ただし、自動車メーカーによっては、駆動用リチウムイオンバッテリーから駐車中でも鉛酸バッテリーへ電力を提供し、バッテリー上がりを防ぐ機能を備えていない例もあるようだ。この場合は、EVといえども、長期間駐車したままにしておくと、そもそも鉛酸バッテリーの電力がないことにより、起動しなくなる恐れはある
ハイブリッド車で多く使われてきたニッケル水素バッテリーは、自己放電が多いといわれる。ひと月で30%に及ぶこともあるようだ。EVにニッケル水素バッテリーが使われない理由がそこにありそうだ。もちろん、EVの開発初期段階では、鉛酸バッテリーより容量が大きいのでニッケル水素を搭載し、一充電走行距離を伸ばしてきた経緯がある。

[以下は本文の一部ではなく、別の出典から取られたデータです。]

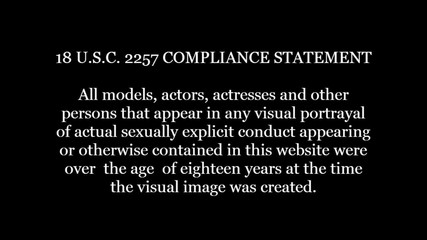 Daddys Dirty Girls: Mencangkung di muka awak! (hd Wmv)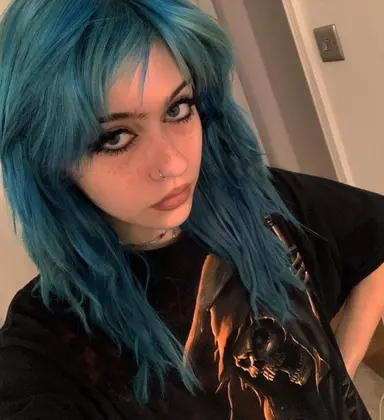 Profile image of Maren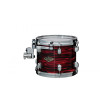 Tama WBRT14A-ROY Starclassic Walnut/Birch Duracover Wrap Rack Tom 14 - Red Oyster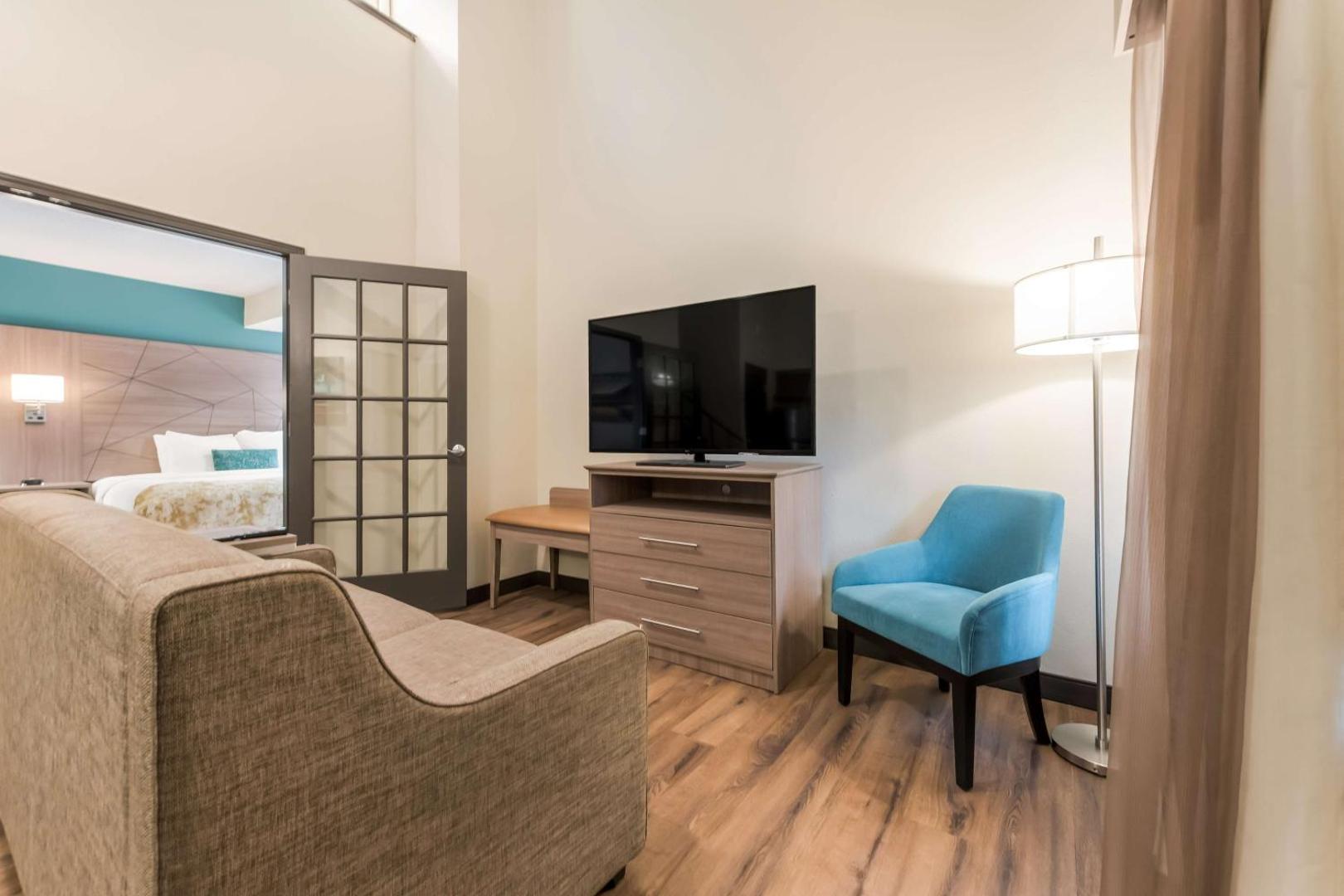 Best Western Fishkill Inn & Suites Best Western Fishkill Inn & Suites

しかし、ニッケル水素バッテリーの多くがハイブリッド車(HV)で用いられてきた背景にあるのは、基本的にエンジンで発電したり、走行中の回生により充電したりすることでクルマは走り、充電による大容量の電力への依存度が低いことが、ニッケル水素バッテリーの特性に適していたといえるからではないか。